L’islam est le pire échec intellectuel de l’humanité, peut importe qu’il y ait plus d’un milliard de victimes actuelles, l’islam est stérile parce que ses fondements moraux et culturels sont insipides, parce que ses mécanismes internes ne pouvaient permettre ni évolution ni sélection des meilleurs. Le Coran n’est que le catalogue de l’ignorance bédouine et la sunna une compilation des divagations de vieux sophistes soufi, de cadi vénaux, de guerriers cyniques et de savants frustrés, tous ignorants du monde non-musulman.

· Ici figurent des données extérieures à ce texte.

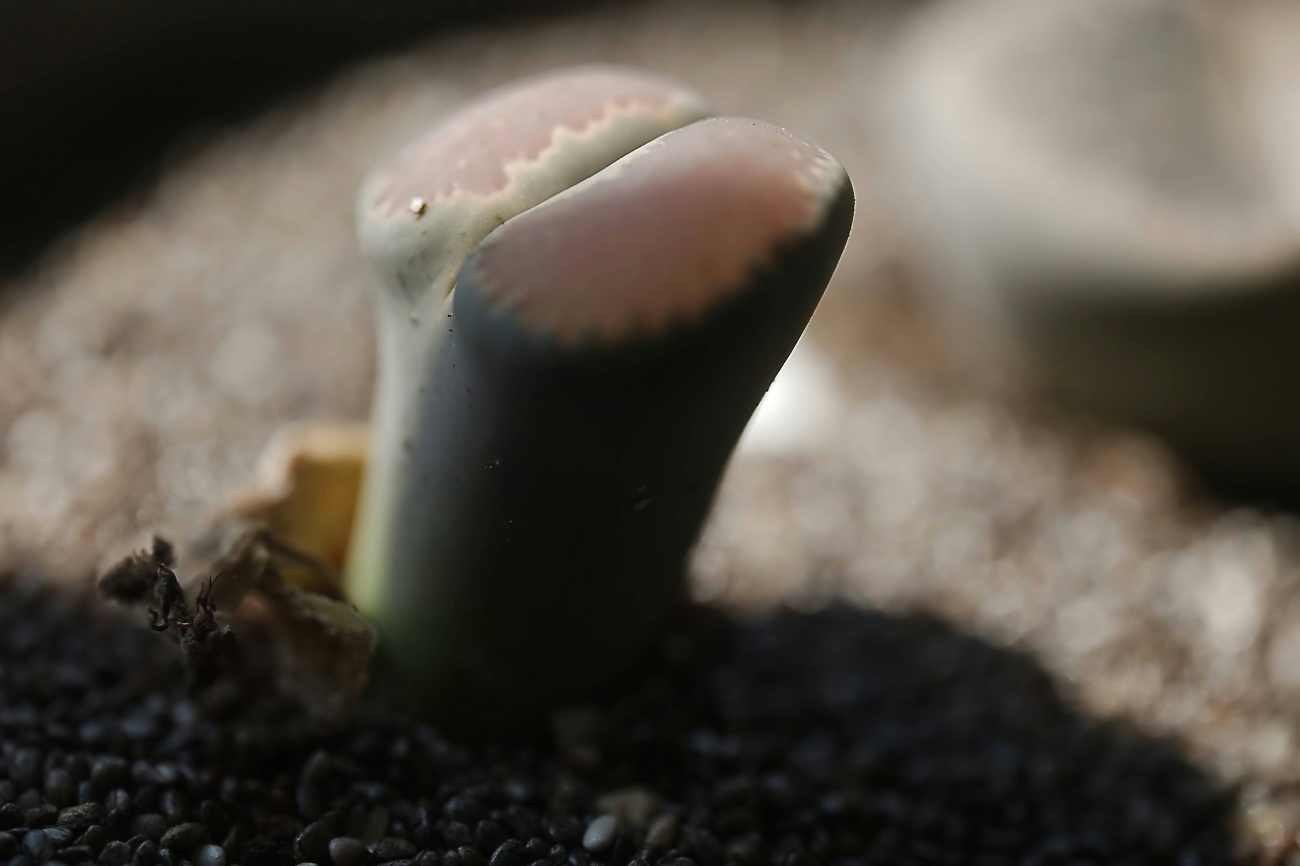 Quali sono le piante che sembrano sassi colorati: ecco le più strane da coltivare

La haine de soi véhiculé par les gauchistes et les libéraux, ou la haine de nous lorsqu’il s’agit de Con-Bandit ou de Epa Jolie, est me semble-t-il liée à l’élévation et la qualité à laquelle nous sommes -étions ?- parvenus ; la rigueur intellectuelle, la force morale, la culture qui sont nécessaires au maintient de cet « honnête homme » à la française impliquent une exigence de soi mais aussi une organisation publique prégnante, laquelle n’est acceptable qu’irréprochable.

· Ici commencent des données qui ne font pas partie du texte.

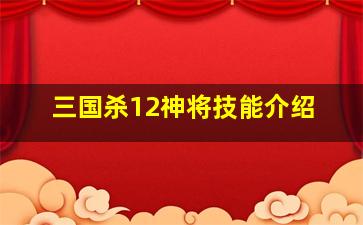 三国杀12神将技能介绍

Nos élites, politiques, économiques ne sont plus nos élites culturelles et morales, tout est là.
Nous sommes entrain de perdre, nous français, le contact avec notre culture, les libéraux/libertaires agissent dans ce sens en sachant parfaitement ce qu’ils font ; ne pouvant se hisser au niveau de la France il la rabaissent autant qu’ils peuvent ; ils taillent dans des habits trop grands pour eux. Mais au-delà de cette réaction d’impuissants, il y a aussi la haine brute, avant de devenir brutale sous peu, de ce qui fonde la réussite de « l’aventure française » dans l’évolution de l’humanité toute entière : la rationalité sensuelle.
Derrière le pitre pitoyable de la défaite de la musique il y a des officines troubles, du genre de celles qui agissaient à Vichy et qui revinrent en force dés 1949 ; le SFIO Schumann, né Allemand (*), ministre de Pétain et fondateur de l’Europe est emblématique, mais les Beuve-Mary ou les Lamour, et plus encore ceux qui les instrumentent sont des adversaires résolus de l’humanisme français considéré comme le mur séparant de l’Europe germanique. Aujourd’hui ce sont les frères Attila, les colombins, les cacochymes du PAC, pour eux 89 ne fait pas référence au XVIIIeme mais au XXeme. Jusqu’à ce jour, à l’ONU la dynamique Briand agit encore, nous désarmant sans cesse davantage.

« Lorsque j’entends le mot révolver, je sors ma culture … » bon mot, mais la dilution culturelle et humaine en cours pourrait bien nous conduire, à oublier notre autre joue chrétienne pour retrouver Caton : Carthago delenda est.